# Comparisons to Tolkien, Valid or Jacket Review Hype?



## HLGStrider (Nov 29, 2011)

I'm a big fan of the TV show "Castle," and in one of my favorite scenes the title character (who is a famous mystery writer if you aren't familiar with the series) is sent a bunch of new books by other authors to provide a short jacket review and rather than reading them he just holds them up to his forehead and uses "psychic powers" to come up with generic praise of the books for the publishers to print on the jacket. I'm leading with this because A. I really like "Castle" and B. to say that I don't usually take those short reviews on the covers of paper backs seriously.

Anyway, introduction and "Castle" plug aside, I've often seen writers compared in these sorts of things to Tolkien.
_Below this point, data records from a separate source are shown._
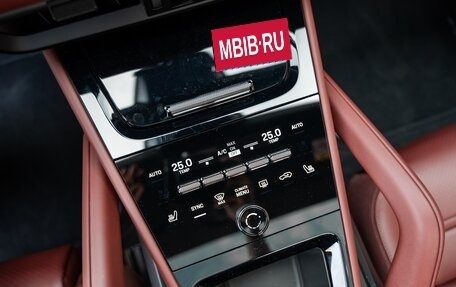 Porsche Cayenne III, 2025 год, 18 490 000 рублей, 18 фотография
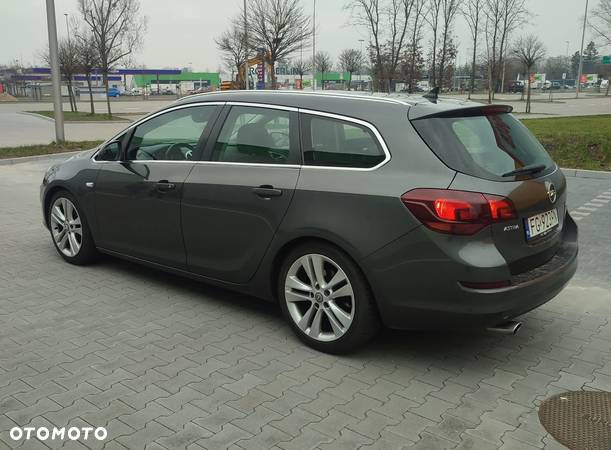 Opel Astra 1.6 Turbo Sports Tourer - 2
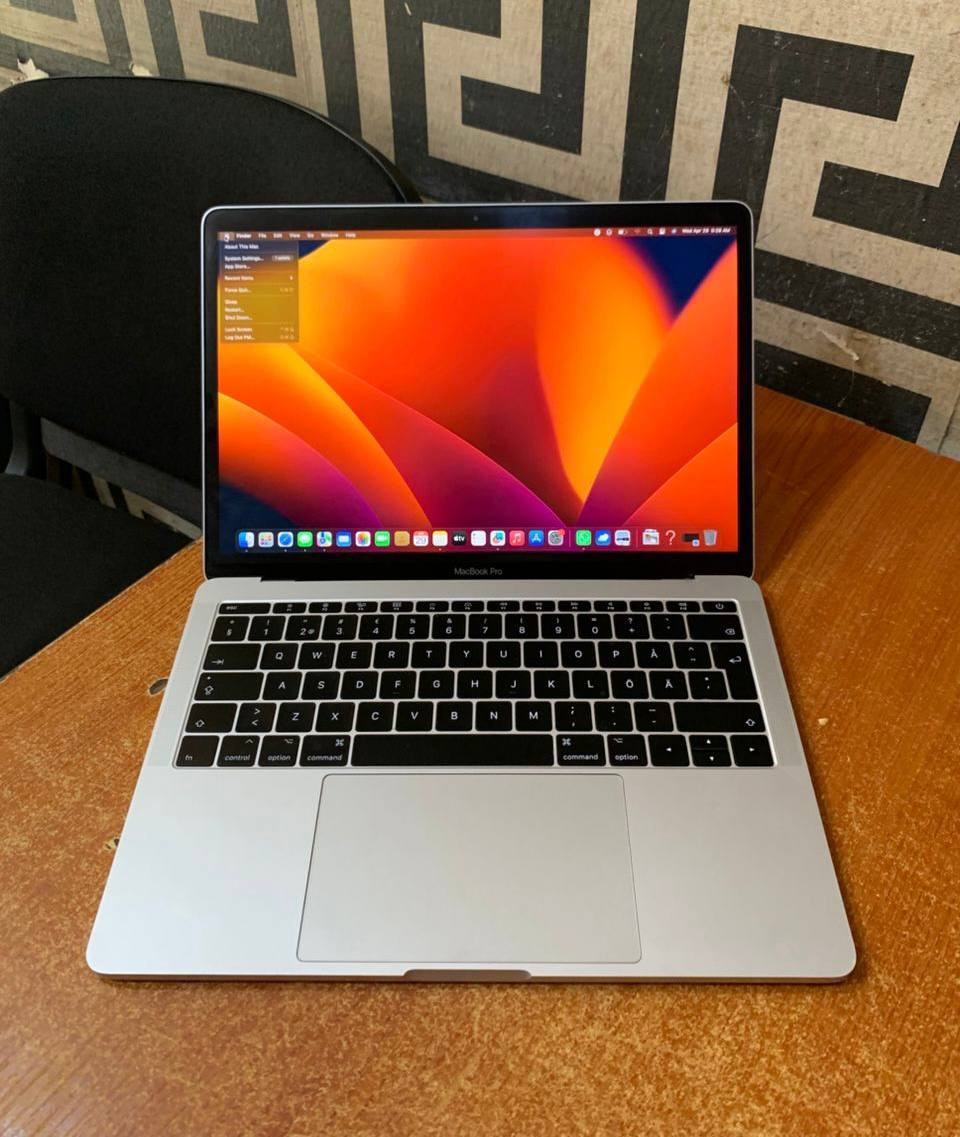 V.Clean 8Gb Ram, 256Gb Ssd, Corei5, 2.3Ghz, 13Inches 2017 MacBook Pro Laptop For-Sale [ Product Code >> 0405 ]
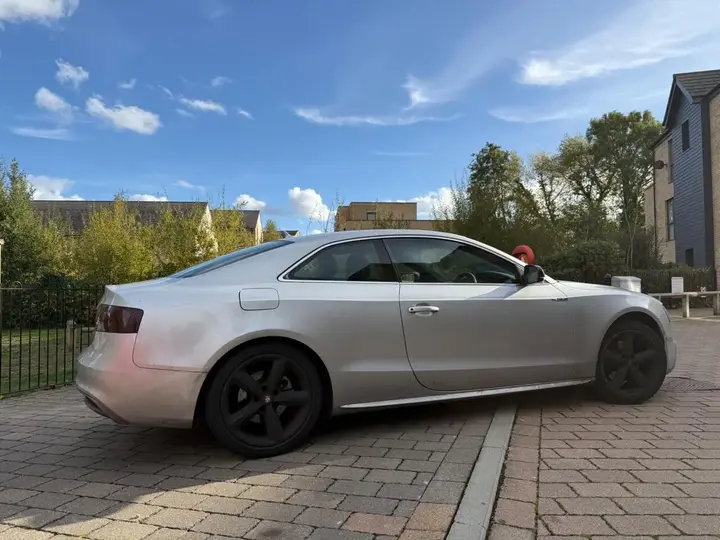 Audi A5 2012 photo 2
The only concrete example I can come up with off the top of my head is Robert Jordan who had reviews on the first Wheel of Time book claiming he'd come to rule the world that Tolkien created. Now Jordan was a good writer in his own right (definitely a more modern writer which is why I know a lot of readers who prefer him, though he's not my style of author), but other than creating a large, sprawling universe to base his stories in, there are very few similarities between his series and the Lord of the Rings. 


Have you ever found a review that made a valid comparison between Tolkien and another author? Or one where the claim was laughable? Just to add more to your story, which author do you think stole the most from Tolkien (Paolini, cough, cough)?


----------



## Starbrow (Dec 4, 2011)

It seems to me that the comparisons to Tolkien just mean that the book falls into the fantasy genre. I have heard Katherine Kerr's books compared to Tolkien's. I enjoy her books and her Deverry nation is certainly complex and has a history built into the books. However, I can't think of any fantasy authors that really compare to Tolkien. (Of course, you would expect to see that kind of comment on a Tolkien forum.)
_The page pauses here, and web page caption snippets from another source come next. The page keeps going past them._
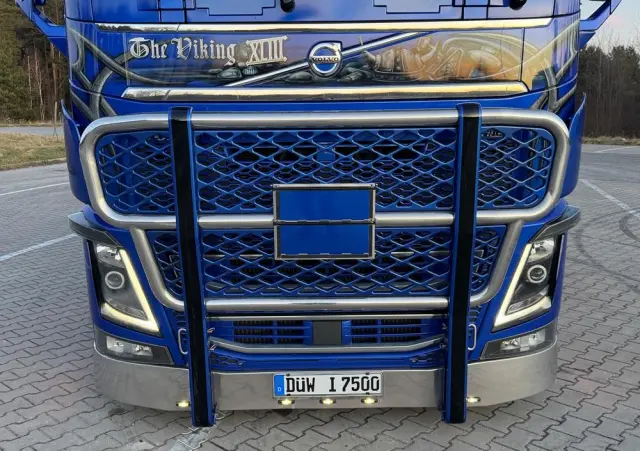 VOLVO FH16 750 Show Truck tuning perfekcyjny stan pełna opcja XL 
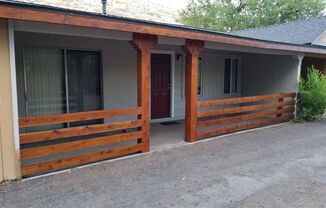 Adorable studio near the Truckee River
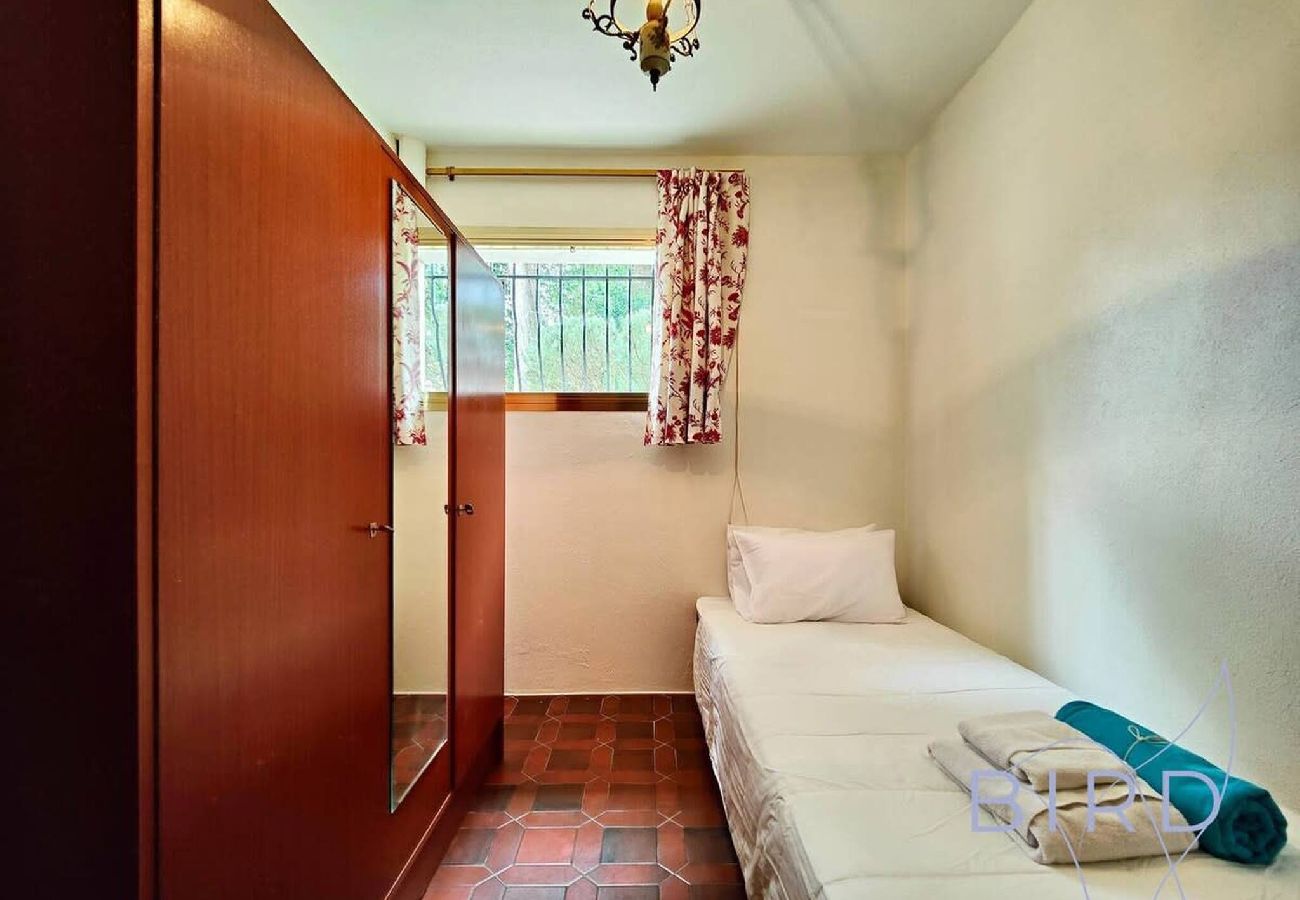 Villa in Mougins - Magnificent residence with pool next to the Golf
The book that I think is the most blatant rip-off of LOTR is The Sword of Shanara.

BTW, I love Castle, too, mostly because of Nathan Fillian.


----------



## HLGStrider (Dec 4, 2011)

Starbrow said:


> BTW, I love Castle, too, mostly because of Nathan Fillian.


 He really IS ruggedly handsome.


----------



## Starbrow (Dec 5, 2011)

> He really IS ruggedly handsome.



You bet. I fell for him when he was in Firefly.


----------